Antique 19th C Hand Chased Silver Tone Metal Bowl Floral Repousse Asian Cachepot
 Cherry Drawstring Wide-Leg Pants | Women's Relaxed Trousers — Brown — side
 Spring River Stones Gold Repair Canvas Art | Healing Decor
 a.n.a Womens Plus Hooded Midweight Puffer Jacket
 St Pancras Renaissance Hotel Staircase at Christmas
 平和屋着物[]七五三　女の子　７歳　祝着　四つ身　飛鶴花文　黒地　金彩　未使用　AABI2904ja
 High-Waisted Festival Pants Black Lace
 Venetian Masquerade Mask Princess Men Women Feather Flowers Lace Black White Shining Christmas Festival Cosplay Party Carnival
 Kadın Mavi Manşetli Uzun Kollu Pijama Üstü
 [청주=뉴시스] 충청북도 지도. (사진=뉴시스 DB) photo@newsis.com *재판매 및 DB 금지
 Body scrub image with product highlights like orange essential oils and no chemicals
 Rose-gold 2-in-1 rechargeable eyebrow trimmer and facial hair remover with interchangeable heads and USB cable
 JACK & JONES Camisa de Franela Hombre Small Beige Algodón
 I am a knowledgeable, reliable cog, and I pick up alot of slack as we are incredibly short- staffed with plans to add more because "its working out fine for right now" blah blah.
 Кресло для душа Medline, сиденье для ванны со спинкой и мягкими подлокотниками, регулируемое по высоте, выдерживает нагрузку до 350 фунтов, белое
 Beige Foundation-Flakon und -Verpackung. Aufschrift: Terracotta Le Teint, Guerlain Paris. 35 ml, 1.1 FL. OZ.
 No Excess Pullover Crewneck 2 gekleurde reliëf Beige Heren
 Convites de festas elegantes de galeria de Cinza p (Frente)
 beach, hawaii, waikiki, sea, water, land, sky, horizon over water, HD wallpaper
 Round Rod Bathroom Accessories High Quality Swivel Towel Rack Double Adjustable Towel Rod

Task item =
Print the lines of the entries, exactly, from the one containing "No Excess Pullover" down to the final line, and leave out all the others.

Answer for this exercise =
 No Excess Pullover Crewneck 2 gekleurde reliëf Beige Heren
 Convites de festas elegantes de galeria de Cinza p (Frente)
 beach, hawaii, waikiki, sea, water, land, sky, horizon over water, HD wallpaper
 Round Rod Bathroom Accessories High Quality Swivel Towel Rack Double Adjustable Towel Rod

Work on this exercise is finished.